There aren’t many builders of tiny homes in operation in Ontario, but Daniel Ott of True North Tiny Homes, Inc., said he has delivered about 25 of them and he has no interest in getting a HCRA licence.
“I don’t think that’s needed or wanted,” Mr. Ott said. “Some of the building permits I’ve had over the years have taken four years or more … because of how convoluted the rules are and how many different authorities are involved. So, to add another authority to that mix is just ludicrous.”
Ms. Bradley actually consulted with Mr. Ott before finding Mr. Bradley’s Tiny Creek company in a Google search. As a former homeowner struggling to afford a new home in the booming market of 2021 she was against red tape too, once.
“I would have said that before, but please, add the red tape: people are getting their shirts stolen without it,” she said. “We’re talking to you from my parents basement, we gave up the place we were renting. All of our dreams are gone, we will be basically paying back high-interest loans for the rest of our lives.”

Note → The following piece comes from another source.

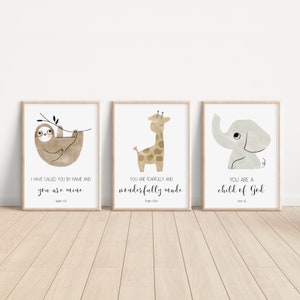 Christliches Kinderzimmerdekor, Kinderbibelvers-Wandkunst, Aquarelltiere, Schriftdruck, Babyjungen-Kinderzimmer, Safari-Dschungel, druckbare Grafik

Bianca Metz owns her own tiny home and through her consulting services for the tiny-curious she has become something of a spokesperson for the industry. Her advice is to hire a traditional HCRA registered builder who has experience building garden suites or other so-called additional dwelling units (ADUs). “Those builders will be Tarion certified, they will have a track record; those are the low-hanging fruit to do this safely,” she said.

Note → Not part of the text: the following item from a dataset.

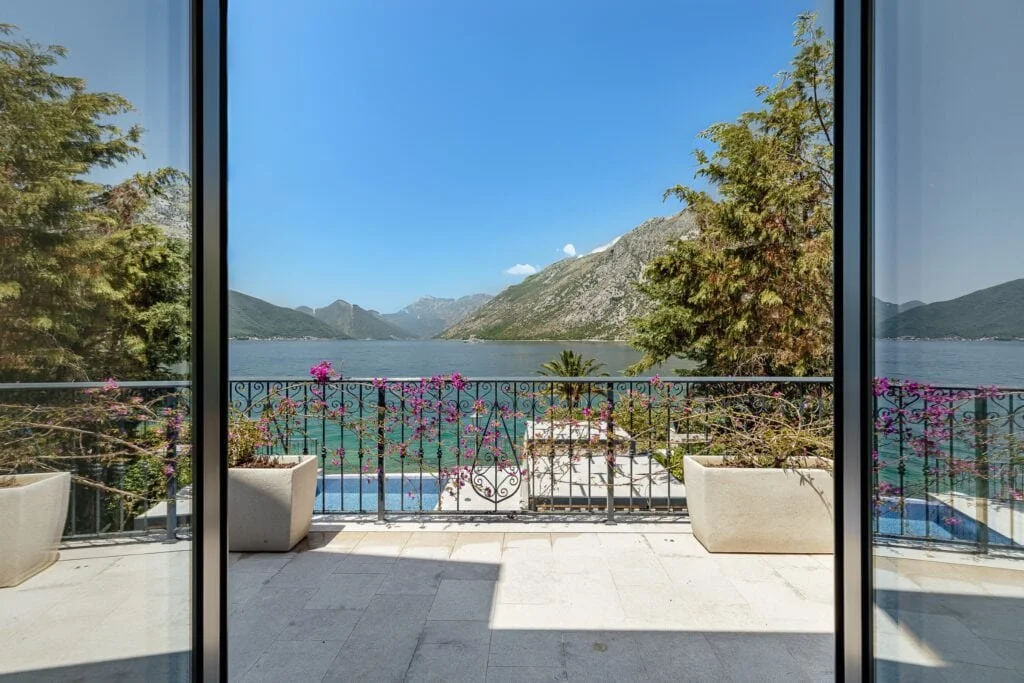 francis-york-montenegro-villa-ljuta-for-sale-37.jpg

But Mr. Ott warns that if government were to tighten the rules to cover manufactured home builders such as himself it will just drive the industry underground.
“It just makes the honest people have to go through more paperwork and, and the people who weren’t … they’re still gonna somehow scam people into buying from them,” he said. “They would say ‘Forget that new rule, I’m just going to start doing work for cash now,’ because they just can’t deal with more rules.”